** INPUT MATERIAL follows **

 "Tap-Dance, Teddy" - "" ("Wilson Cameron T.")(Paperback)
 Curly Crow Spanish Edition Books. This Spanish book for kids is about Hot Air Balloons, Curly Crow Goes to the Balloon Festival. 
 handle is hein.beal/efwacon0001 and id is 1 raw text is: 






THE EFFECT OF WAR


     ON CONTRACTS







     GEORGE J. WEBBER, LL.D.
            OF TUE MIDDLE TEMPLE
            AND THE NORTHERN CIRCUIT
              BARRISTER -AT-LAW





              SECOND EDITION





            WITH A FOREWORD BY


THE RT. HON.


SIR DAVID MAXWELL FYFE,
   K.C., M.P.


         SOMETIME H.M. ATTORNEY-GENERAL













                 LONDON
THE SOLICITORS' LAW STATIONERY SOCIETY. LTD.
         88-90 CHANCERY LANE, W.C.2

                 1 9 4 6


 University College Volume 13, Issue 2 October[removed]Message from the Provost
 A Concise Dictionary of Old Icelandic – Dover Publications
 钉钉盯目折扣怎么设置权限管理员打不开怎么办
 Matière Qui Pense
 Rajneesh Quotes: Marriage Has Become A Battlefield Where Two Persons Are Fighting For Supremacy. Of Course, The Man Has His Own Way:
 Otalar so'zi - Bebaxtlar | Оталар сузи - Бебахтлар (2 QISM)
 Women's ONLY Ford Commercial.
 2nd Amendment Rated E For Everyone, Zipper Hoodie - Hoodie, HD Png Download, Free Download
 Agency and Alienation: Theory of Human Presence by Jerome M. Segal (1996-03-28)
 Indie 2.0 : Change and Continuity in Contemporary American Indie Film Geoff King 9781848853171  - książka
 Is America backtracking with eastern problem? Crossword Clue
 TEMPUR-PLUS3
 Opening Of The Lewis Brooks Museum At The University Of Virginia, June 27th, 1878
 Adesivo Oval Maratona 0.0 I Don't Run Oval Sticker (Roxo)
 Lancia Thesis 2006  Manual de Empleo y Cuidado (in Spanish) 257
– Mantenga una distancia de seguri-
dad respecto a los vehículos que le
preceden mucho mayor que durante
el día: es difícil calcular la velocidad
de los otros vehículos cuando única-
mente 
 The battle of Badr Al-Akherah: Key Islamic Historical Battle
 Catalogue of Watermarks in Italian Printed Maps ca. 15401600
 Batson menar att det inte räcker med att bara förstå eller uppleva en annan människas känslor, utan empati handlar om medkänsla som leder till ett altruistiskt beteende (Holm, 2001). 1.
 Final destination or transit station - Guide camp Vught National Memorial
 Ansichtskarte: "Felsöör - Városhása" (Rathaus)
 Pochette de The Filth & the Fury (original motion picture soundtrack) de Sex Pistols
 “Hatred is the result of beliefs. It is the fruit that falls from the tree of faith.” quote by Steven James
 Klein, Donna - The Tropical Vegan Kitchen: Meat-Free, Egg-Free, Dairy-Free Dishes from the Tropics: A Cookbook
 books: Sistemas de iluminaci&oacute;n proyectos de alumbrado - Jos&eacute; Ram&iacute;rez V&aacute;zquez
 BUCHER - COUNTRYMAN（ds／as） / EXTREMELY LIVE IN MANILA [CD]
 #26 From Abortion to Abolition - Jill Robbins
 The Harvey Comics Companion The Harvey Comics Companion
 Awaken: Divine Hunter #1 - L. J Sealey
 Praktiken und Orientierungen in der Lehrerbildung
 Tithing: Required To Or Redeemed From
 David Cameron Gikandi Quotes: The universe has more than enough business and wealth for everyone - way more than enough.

** End of INPUT MATERIAL **

- [AIM OF THE EXERCISE]: Only the lines above from the line containing "el día: es difícil calcular la velocidad" through the line containing "Catalogue of Watermarks" should be retyped, exactly and with both ends included.

- [RESULT FOR THIS EXERCISE]:
el día: es difícil calcular la velocidad
de los otros vehículos cuando única-
mente 
 The battle of Badr Al-Akherah: Key Islamic Historical Battle
 Catalogue of Watermarks in Italian Printed Maps ca. 15401600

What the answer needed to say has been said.